Note how James uses images to enliven his prose: the inclined plane, casting a stone, lying prostrate in the dust, etc.

James points out that some scientists are so rigorous that they become unscientific, they become partisans:

The rigorously scientific mind may, in truth, easily overshoot the mark. Science means, first of all, a certain dispassionate method. To suppose that it means a certain set of results that one should pin one’s faith upon and hug forever is sadly to mistake its genius, and degrades the scientific body to the status of a sect.3

When I wrote about my father, I said that I heard him call my name twice at the time he was dying. My experience matches that of Heinrich Mann; some 35 years ago, I wrote about Mann in my book of aphorisms:

Feelings can be communicated between people who aren’t near each other; the mind can traverse space. This occurs with special frequency between members of the same family. Heinrich Mann heard his sister, Carla, call to him before she committed suicide, though she was in Germany and he was in Italy. “I was strolling,” said Mann, “all was still; then I was called; from the house, I thought. So little prepared was I, that in the first moment it did not occur to me: no one here calls me by my given name.”

This is the sort of experience that we find in the books and journals of the Society for Psychical Research. James tells how the Society sent a questionnaire to 25,000 people, asking them whether “they had ever heard a voice, seen a form, or felt a touch which no material presence could account for.” The Society was scrupulous about collecting data, they probably wouldn’t accept my account of being called by my father; they only want information from people “in good health and awake.” They’d probably say that I was asleep, or on the verge of sleep.

My experience, and Mann’s experience, are what the Society calls “veridical,” that is, a vision, voice, or touch “coinciding with some calamity happening to the person who appeared.”4 As Aristotle said, the soul is most active just before death. The most convincing evidence for the occult is your own experience. When your experience matches someone else’s, as mine matches Mann’s, then you’ll have more confidence in your experience, and you’ll begin to feel that you’re on the track of an important truth. When such experiences match the conclusions of researchers, such as the researchers at James’ Society, then your confidence will increase still further.

The most fundamental property of the universe, in my view, is connectedness, and this connectedness is often occult. Your own experience is the best window into the inner workings of the universe, the essential nature of the universe. The best way to understand the universe is to pay attention to your own experience. And the best foundation for a new religion is a new philosophy that emphasizes connectedness, that sees the universe as mysterious and spiritual, an organism rather than a machine.

2. Plato’s State Religion

In the last issue, I discussed the Greek Enlightenment, and the dangers that arise when traditional beliefs are undermined, when the “Inherited Conglomerate” is questioned.

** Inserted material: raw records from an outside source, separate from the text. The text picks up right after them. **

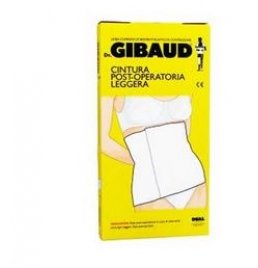 CINTURA ELASTICA POSTOPERATORIA LEGGERA GIBAUD MISURA 2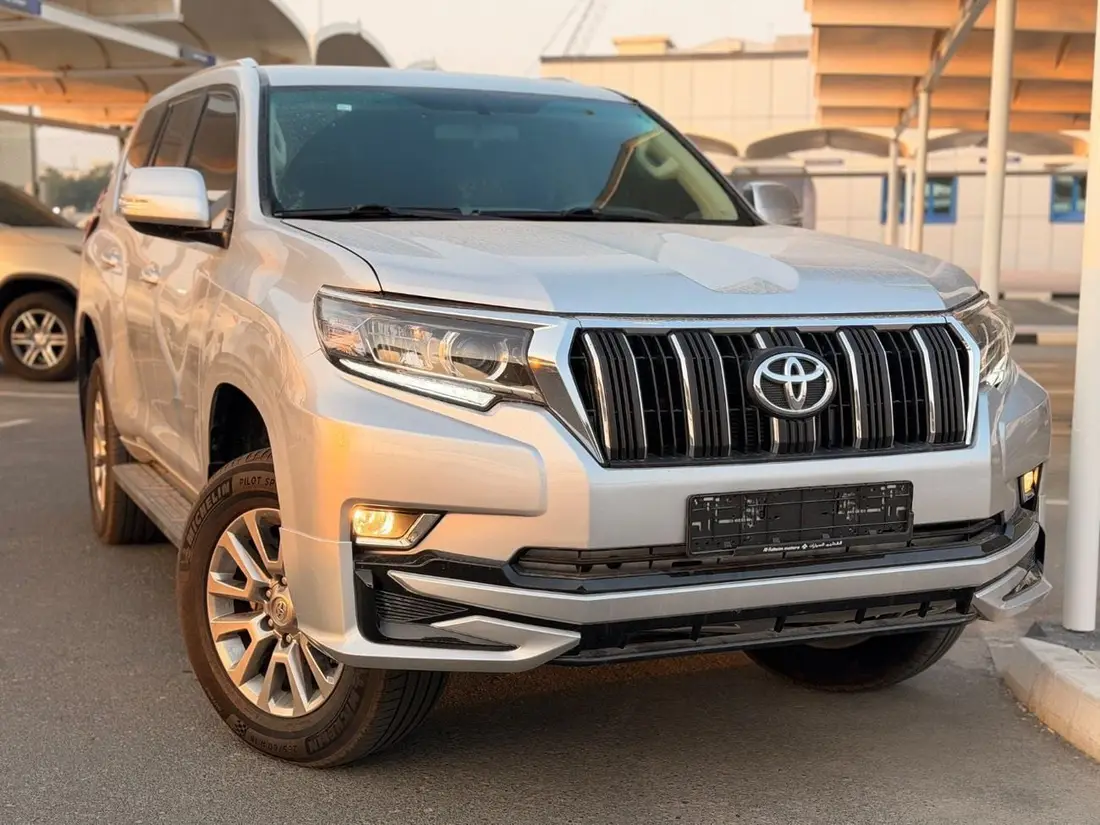 Toyota Prado 2019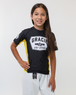 Classic Rank Short-Sleeve Rashguard (Kids)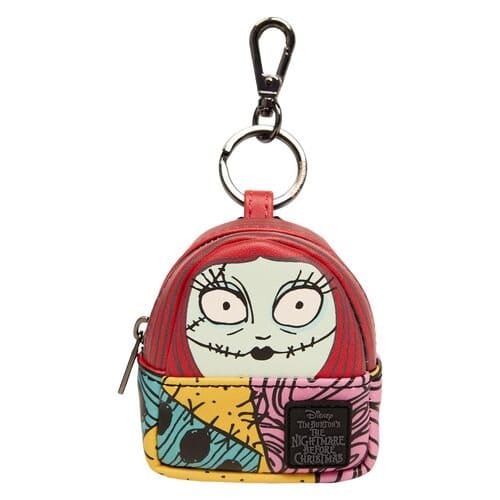 Nightmare Before Christmas by Loungefly Bag Charm Mystery Box Display (15)
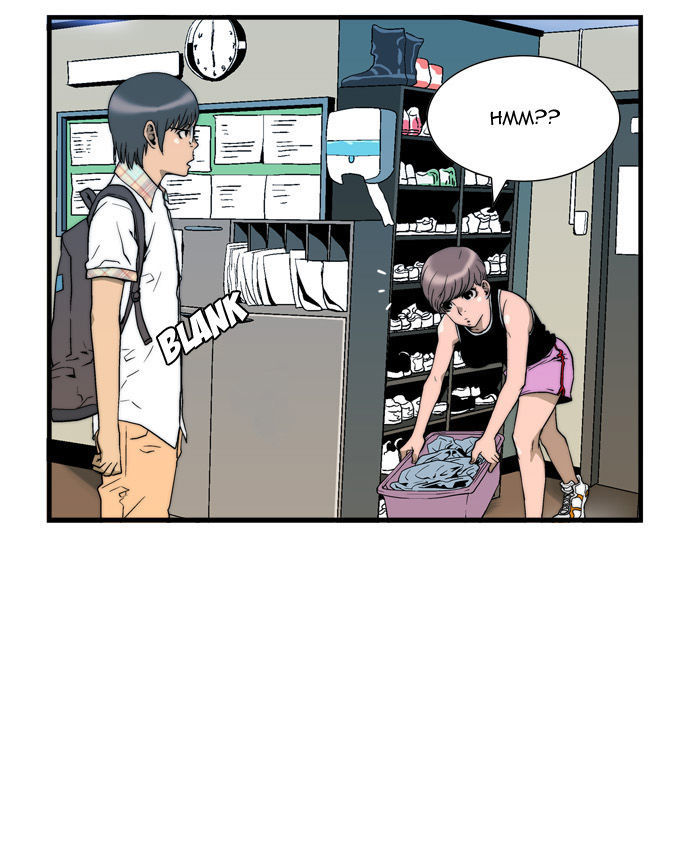 Green Boy Chapter 1 - Trang 2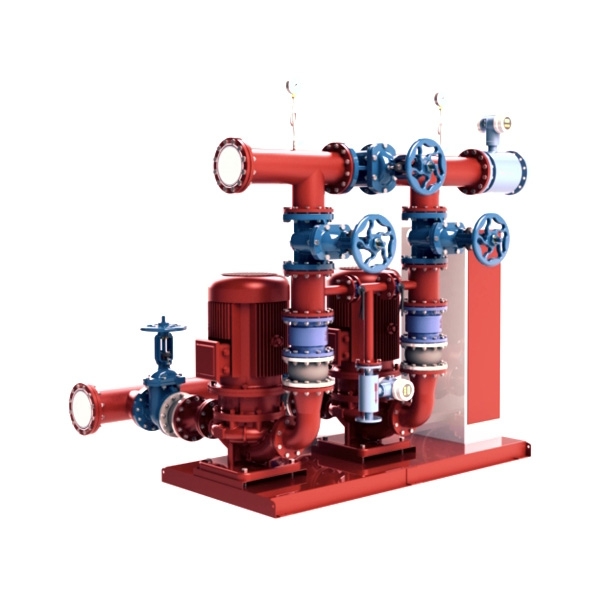 QF消防增壓給水設(shè)備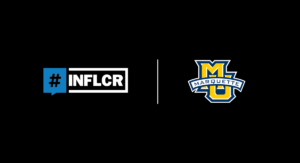 Marquette signs new partnership with INFLCR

Plato understood these dangers, so he devised a state in which belief was fixed and unalterable, in which orthodoxy was maintained by a “Nocturnal Council” that had the power of life and death.5 Plato’s state would have no “growing pains” because it would have no growth, no spiritual growth. Plato aimed to

Plato sketches this state in his last dialogue, Laws. One might compare Plato’s state to the Catholic Church, and his “Nocturnal Council” to the Inquisition. Or one might compare the Greek Enlightenment to the Reformation, and Plato’s philosophy to the Counter-Reformation. Or one might compare Plato’s state to a modern totalitarian state in which any deviation from orthodoxy is punishable by death. Plato’s state was “a completely ‘closed’ society, to be ruled by... custom and religious law.”6

Plato’s effort to stamp out freedom is so extreme that it would make an excellent subject for a comedy, though Plato meant it seriously.

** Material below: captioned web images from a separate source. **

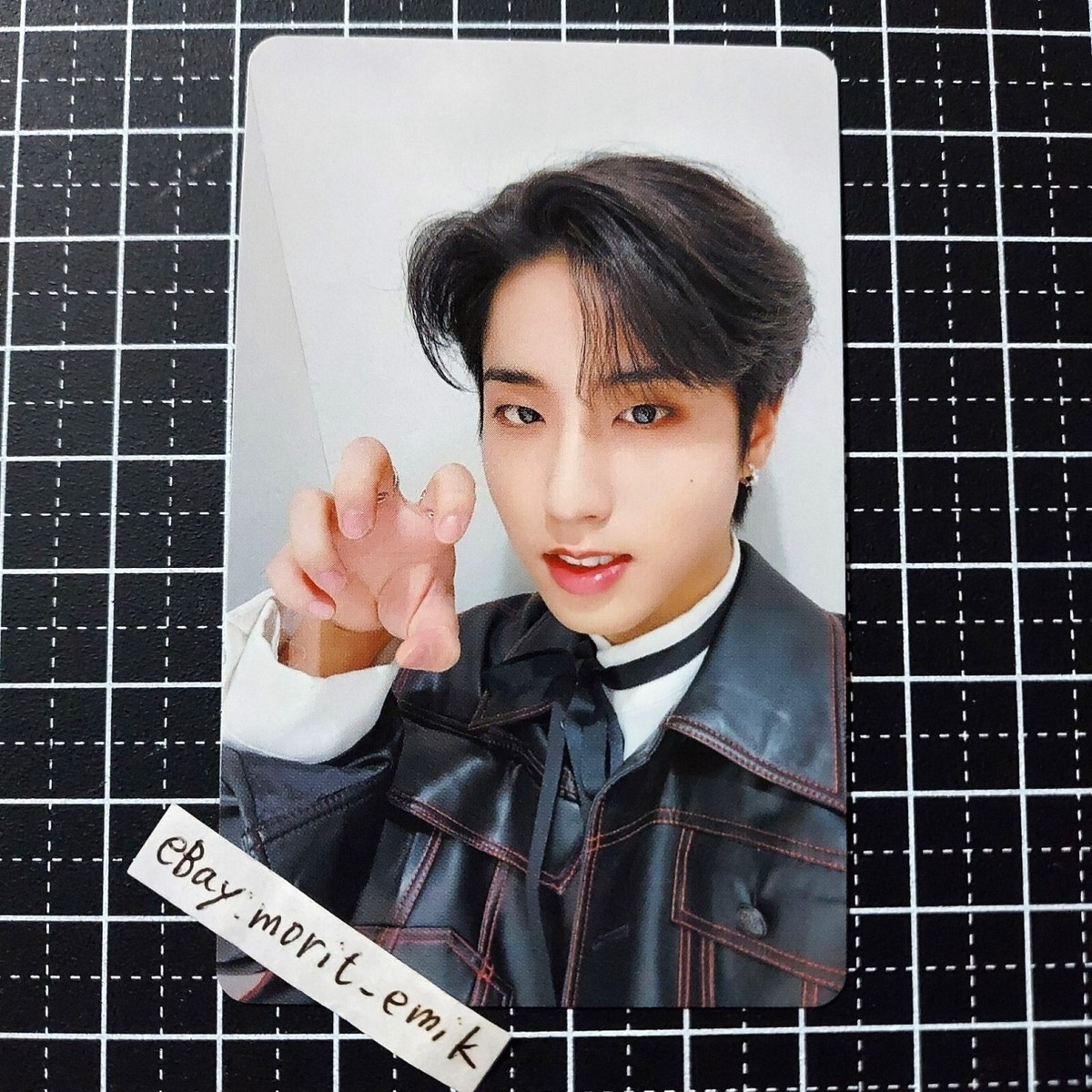 チャマニ♡さま　専用　2点 Stray Kids HAN MANIAC ENCORE in JAPAN THE SOUND official photo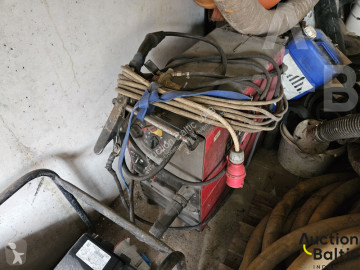 Aanbouwstukken voor bouwmachines Lincoln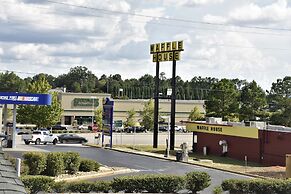 Rodeway Inn Harbison Area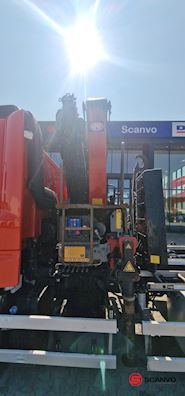 DAF CF 430 FAN Container system/crane - 6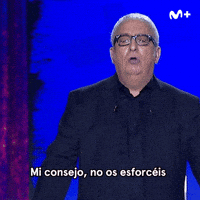 Leo Harlem GIF by Movistar Plus+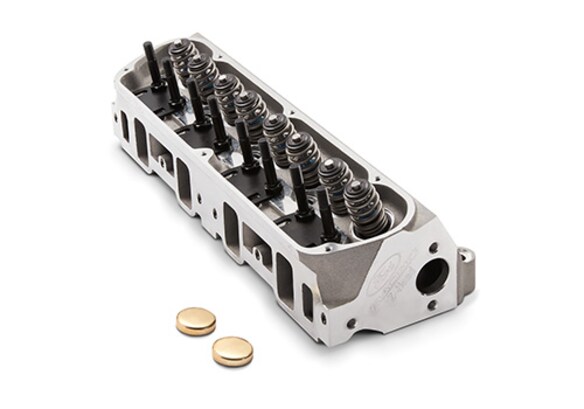 302/351W Assembled Z-Head Aluminum Main Image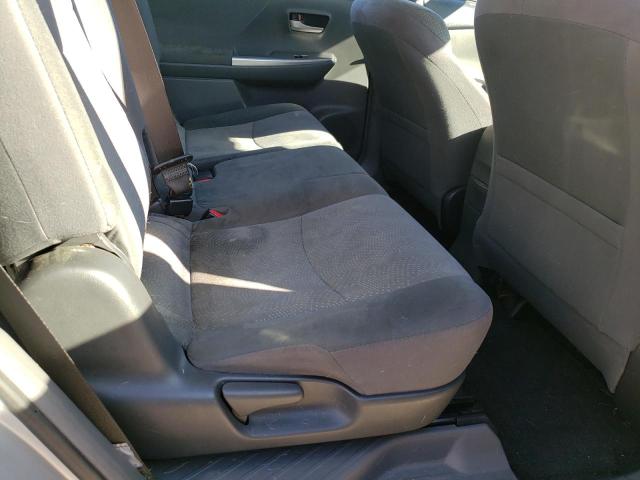 Photo 10 from auction – 2012 TOYOTA PRIUS V with VIN JTDZN3EU0C3148805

The principal thing [Plato writes] is that none, man or woman, should ever be without an officer set over him, and that none should get the mental habit of taking any step, whether in earnest or in jest, on his individual responsibility: in peace as in war he must live always with his eye on his superior officer, following his lead and guided by him in his smallest actions... in a word, we must train the mind not even to consider acting as an individual or know how to do it.7

Some people might say, “Why read such drivel? Does Plato even deserve to be considered a philosopher, much less a great philosopher? We know where this totalitarianism leads, we know that Plato’s ‘officers’ and ‘guardians’ will abuse their power. Such nonsense isn’t worth the paper it’s printed on.”

But Plato wasn’t trying to do away with religious belief, as the Communists did, he was trying to stabilize it. Since we’ve seen what happens when religious belief breaks down, since we’ve seen the excesses of totalitarianism, we should understand the value of a stable belief system, and we should be somewhat sympathetic to Plato’s attempt. How many people today cling to traditional religion (Christianity or Judaism or Islam) because they want to believe in something, because they’re unwilling to endure “growing pains”! Furthermore, we shouldn’t focus entirely on Plato’s weaknesses; every writer who ever wrote will be condemned if we focus on his weaknesses. Plato’s strengths are at least as conspicuous as his weaknesses.

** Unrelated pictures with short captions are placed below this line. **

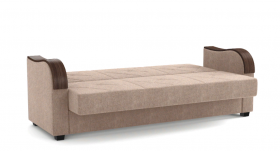 Марракеш М / диван - кровать (жаккард тесла крем) в Нерюнгри - neryungri.katalogmebeli.com | фото 7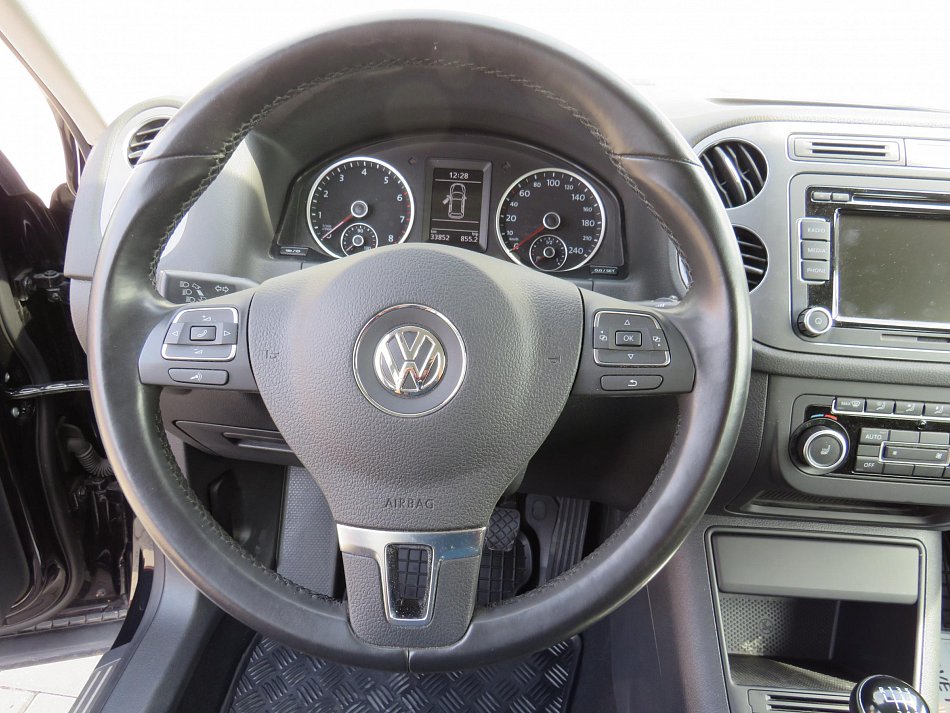 Volkswagen Tiguan 1.4TSi 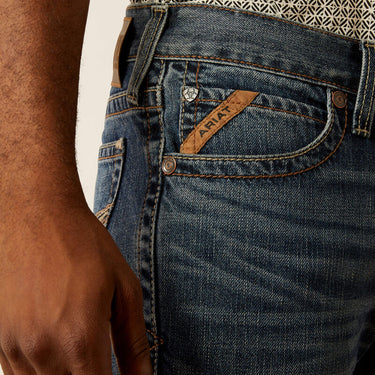 Ariat M7 Slim Handley Straight Leg Jeans (Florida) Size 35x32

Dodds begins his chapter with a quote from a Muslim sage, Al Ghazali: “There is no hope in returning to a traditional faith after it has once been abandoned, since the essential condition in the holder of a traditional faith is that he should not know he is a traditionalist.” All over the world, people subscribe to traditional faiths, monotheistic religions, without really believing in them, without believing in them deeply and passionately, without believing in them as people did when these religions were young and strong and cutting-edge, when these religions were rising not falling, when they represented spiritual growth not stale tradition.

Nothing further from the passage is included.